━━━━━ EXERCISE MATERIAL ━━━━━

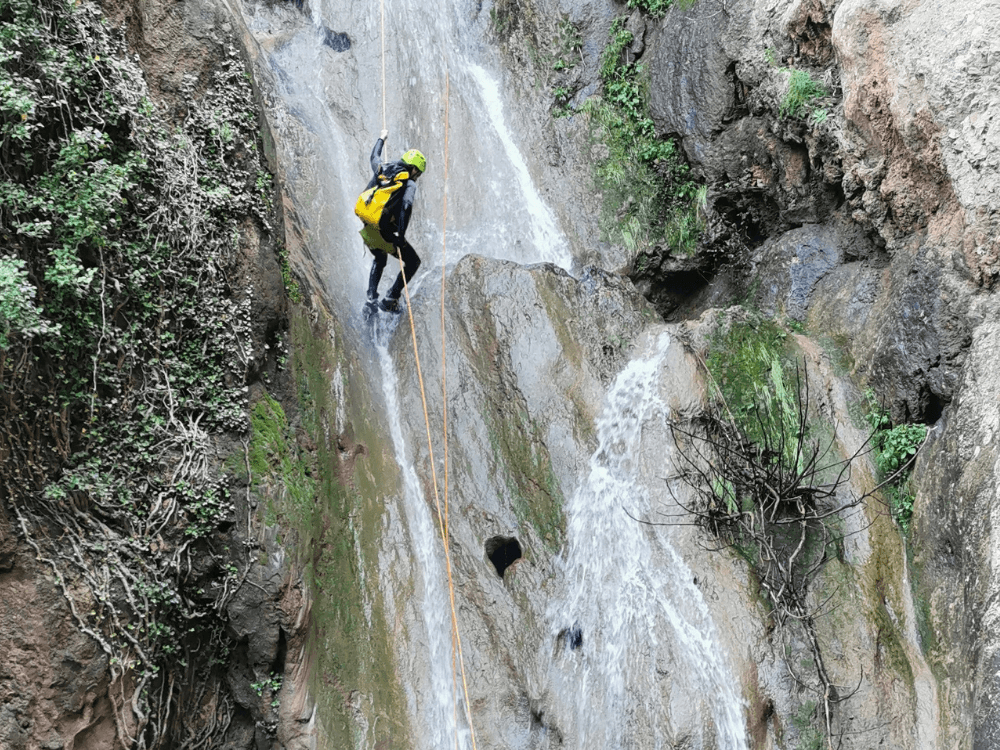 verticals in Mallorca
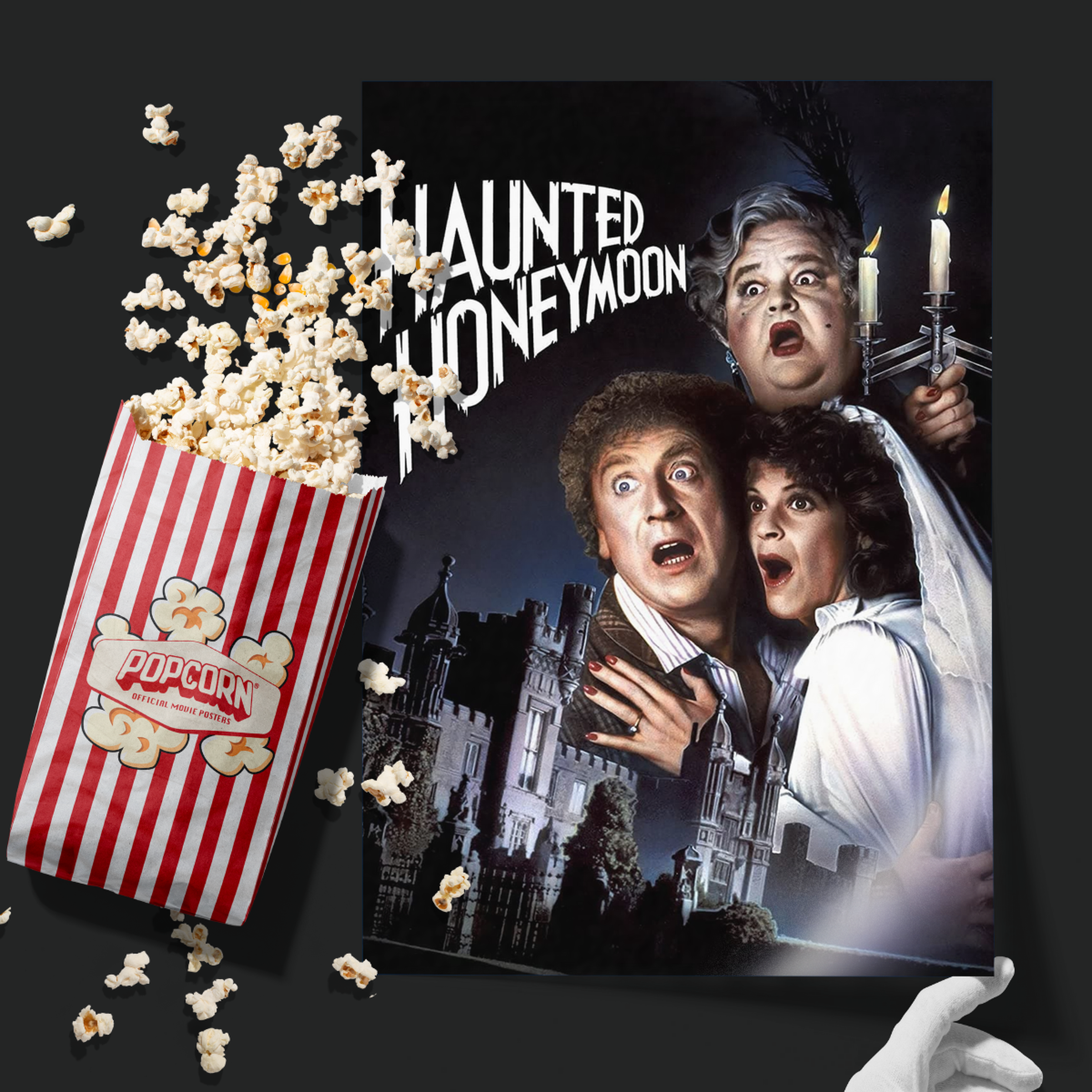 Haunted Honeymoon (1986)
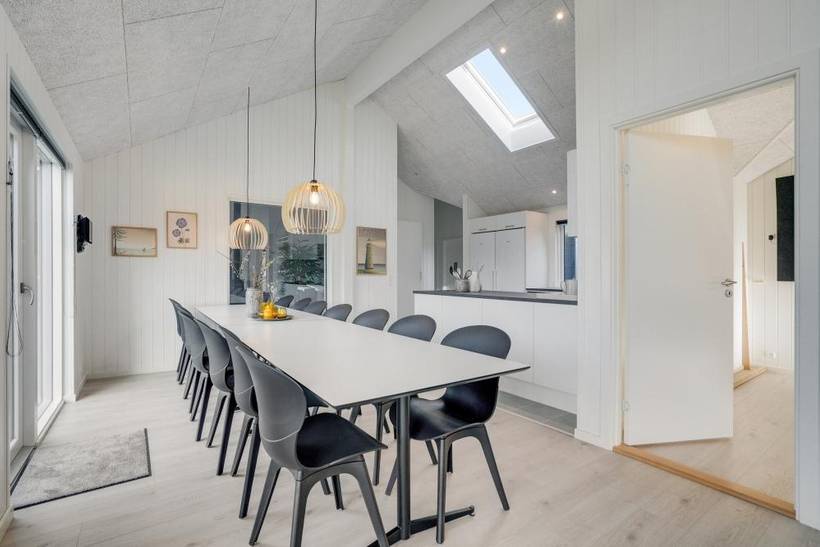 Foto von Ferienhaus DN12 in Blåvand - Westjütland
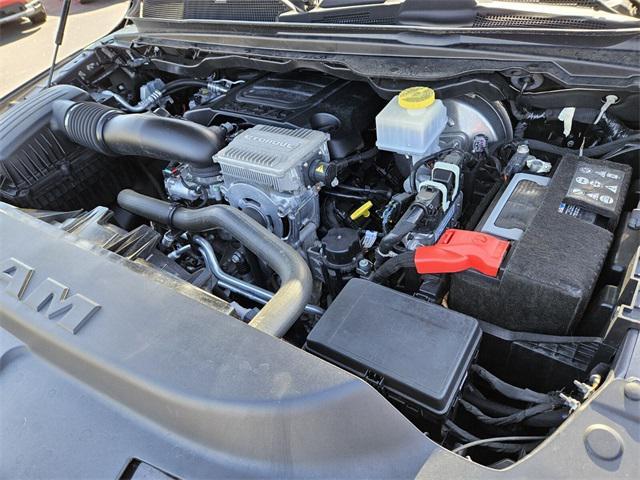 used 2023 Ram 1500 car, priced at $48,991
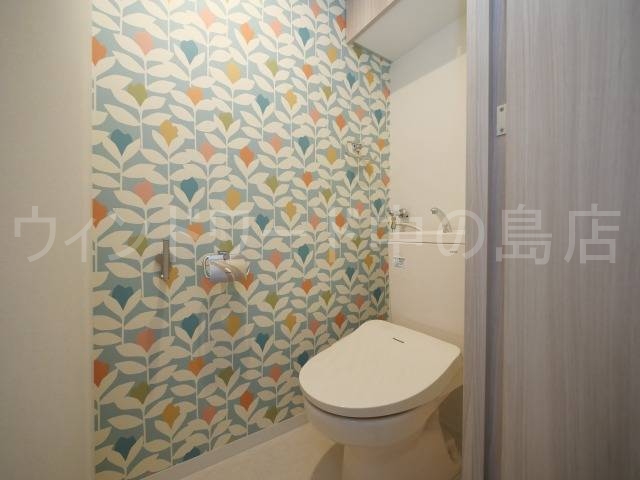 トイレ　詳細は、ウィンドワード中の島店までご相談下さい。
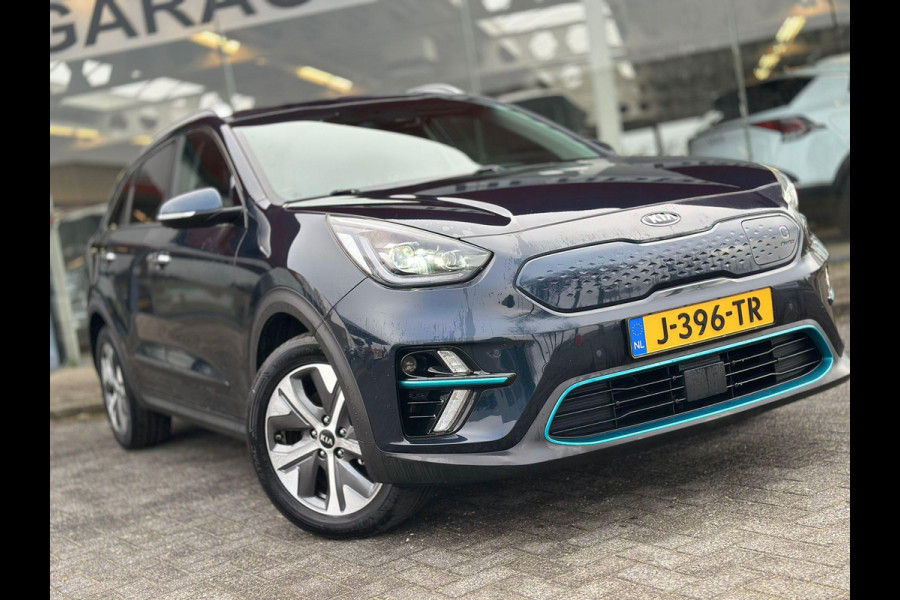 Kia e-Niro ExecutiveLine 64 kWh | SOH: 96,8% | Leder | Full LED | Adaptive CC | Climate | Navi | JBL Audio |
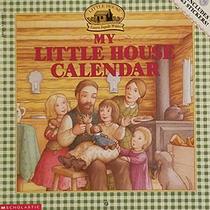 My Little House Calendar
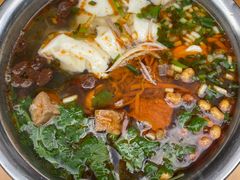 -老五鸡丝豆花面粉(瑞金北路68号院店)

━━━━━

[WORK ITEM] A verbatim rendering of the listing above is required, without any of its pictures.

[PROBLEM SOLUTION]
 verticals in Mallorca
 Haunted Honeymoon (1986)
 Foto von Ferienhaus DN12 in Blåvand - Westjütland
 used 2023 Ram 1500 car, priced at $48,991
 トイレ　詳細は、ウィンドワード中の島店までご相談下さい。
 Kia e-Niro ExecutiveLine 64 kWh | SOH: 96,8% | Leder | Full LED | Adaptive CC | Climate | Navi | JBL Audio |
 My Little House Calendar
 -老五鸡丝豆花面粉(瑞金北路68号院店)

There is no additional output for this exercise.